Trading opera stage for bimah, soloist sings for the deaf

Sign up for Weekday J and get the latest on what's happening in the Jewish Bay Area.

A dramatic tenor who has performed in opera houses throughout the world brings an unusual skill to his cantorial duties at Fremont's Reform Temple Beth Torah.

Jerome Padorr spent four years as cantorial soloist at Bene Shalom Congregation for the Deaf in Skokie, Ill. His talents are particularly valuable in Fremont, which is home of the California School for the Deaf. Marissa Cohen, a student at the school, recently celebrated her bat mitzvah at the synagogue.

"We're one of the only congregations with services that are signed for the hearing impaired," said synagogue administrator Allen Minsky. "We were fortunate to hire Jerome Padorr. His operatic background and his experience with the deaf made him a wonderful choice.

`We looked for someone who was more than just a cantor. Singing with our congregation is like having two services at the same time. Everything also has to be signed for our hearing-impaired members. "
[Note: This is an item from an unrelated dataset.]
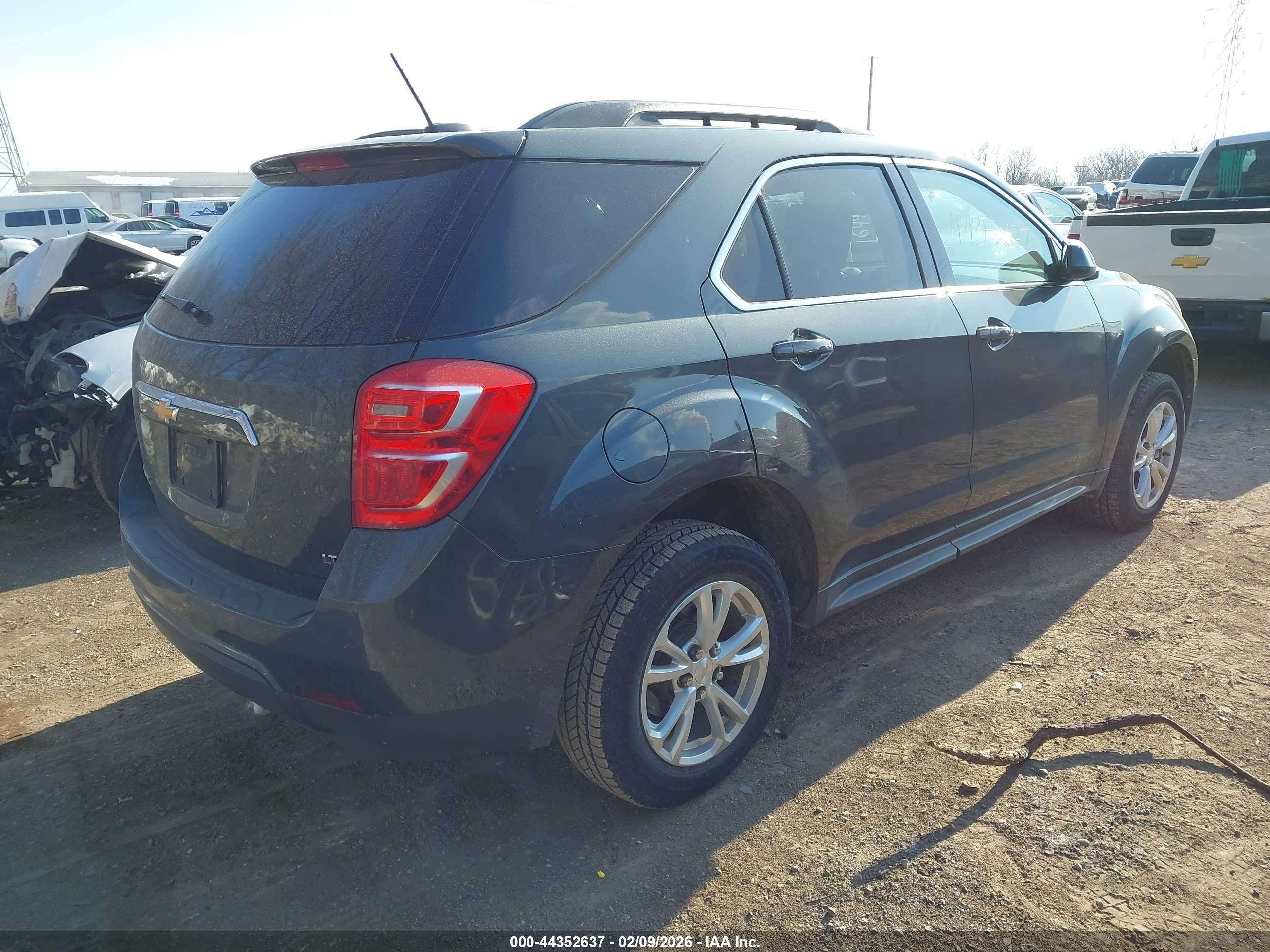 CHEVROLET EQUINOX image 4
In preparing for Shabbat services, Padorr must go over his material with E.J. Cohen, who signs during the services.

"I have to sing in Hebrew, think in English, and be concerned with the signing all at the same time," said Padorr. Other responsibilities include instructing bar and bat mitzvah students, working with the congregational and High Holy Day choirs, and helping new emigres from the former Soviet Union.
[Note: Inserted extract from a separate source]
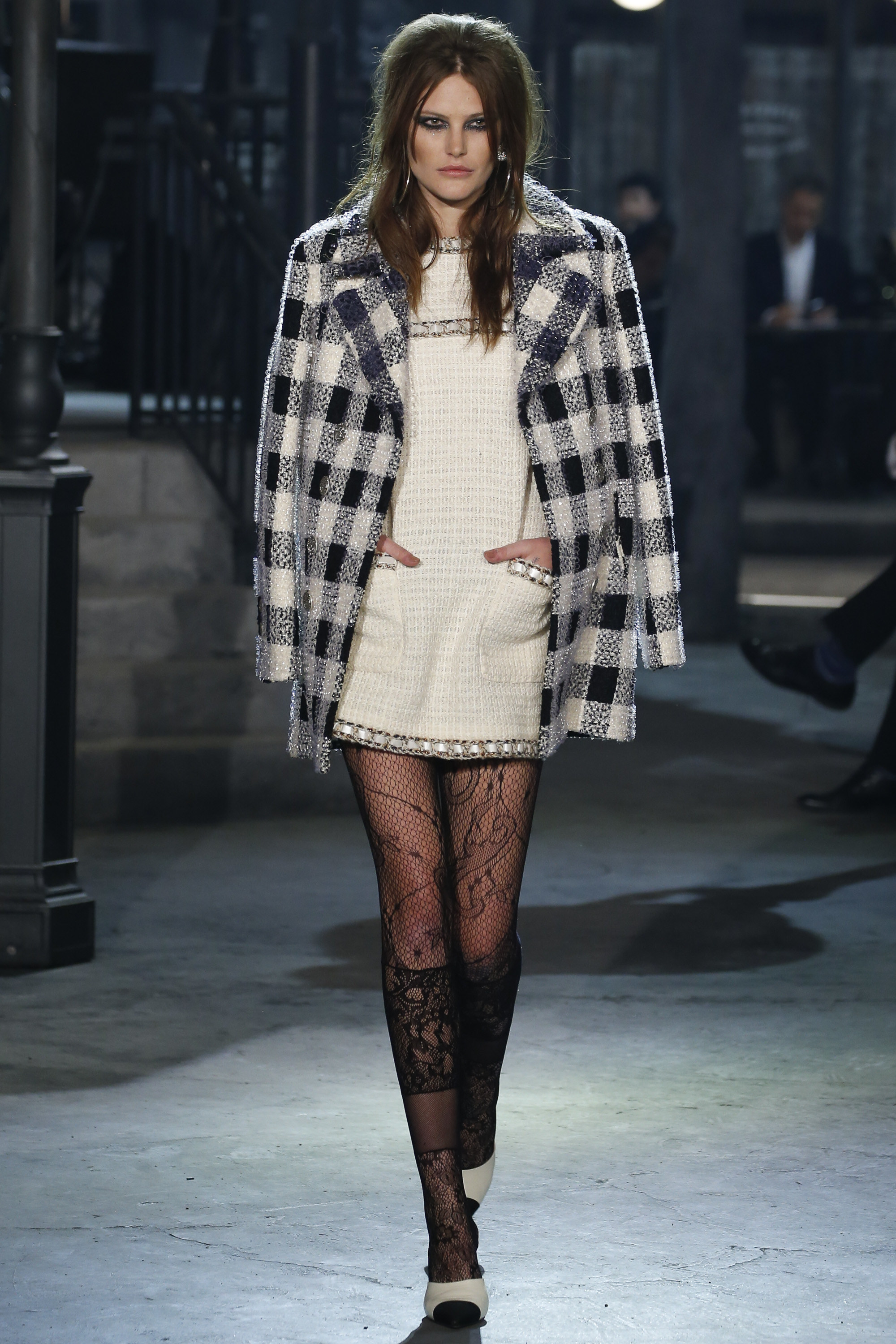 Chanel trình diễn BST Pre-Fall 2016 tại Rome 1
His remaining time is devoted to studying tropes (melodic accents) for his final cantorial investiture through the Cantor's Assembly in Chicago.

"Preparing to be recognized by the Cantor's Assembly is like taking the bar exam," he says. "I'm going where my faith takes me. Sure, I could still do cantorial duties at Temple Beth Torah, but I don't like doing things halfway. I want the national recognition that comes with the investiture."
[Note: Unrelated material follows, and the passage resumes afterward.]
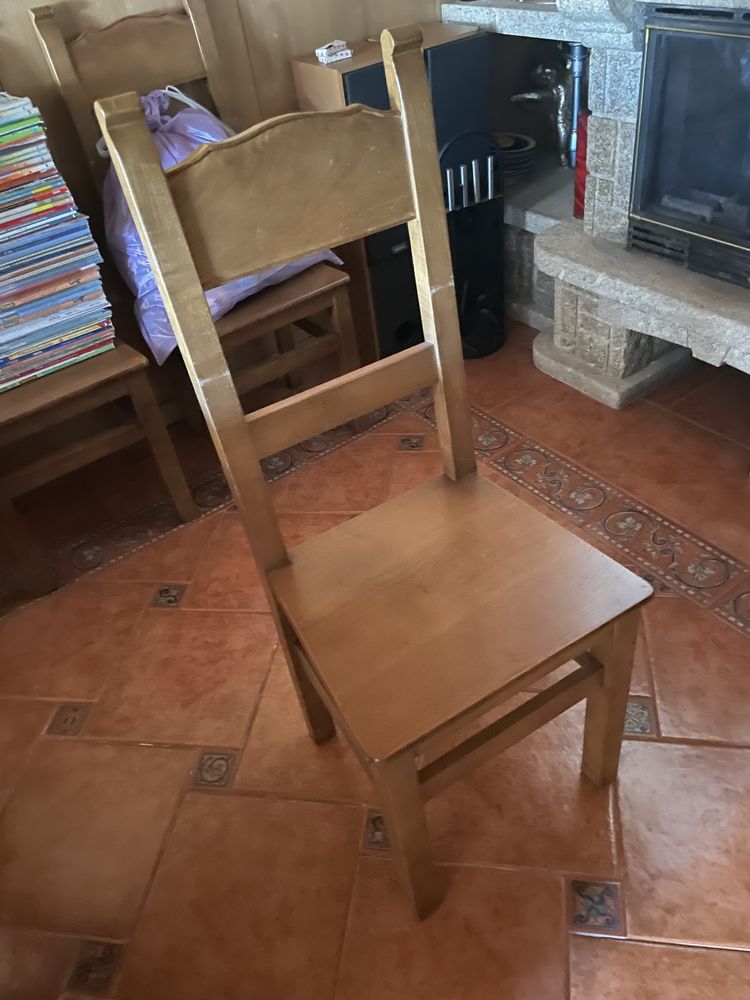 Cadeiras de madeira (seis)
Padorr, who grew up in the Chicago area and received a bachelor of music degree from Northwestern, has sung with the Chicago Symphony Chorus and held center stage in such operas as "La Boheme," "Eugene Onegin" and "I Pagliacci," performing throughout Europe, Asia and North America.

Today, he says, he much prefers a cantorial role.

"Singing opera is very time-consuming," he said. "It's very hard to sing opera and do anything else. When you're an opera singer, that's all you are. There's no opportunity to make use of other aspects of your talents."

In addition, Padorr has other priorities. "To tell the truth, I'd like to [marry and] have a family," said Padorr. "Being married and an opera singer is very difficult. As an opera singer you just eat, sleep, travel and perform. The people are very warm and friendly in this congregation. I'm enjoying this very much."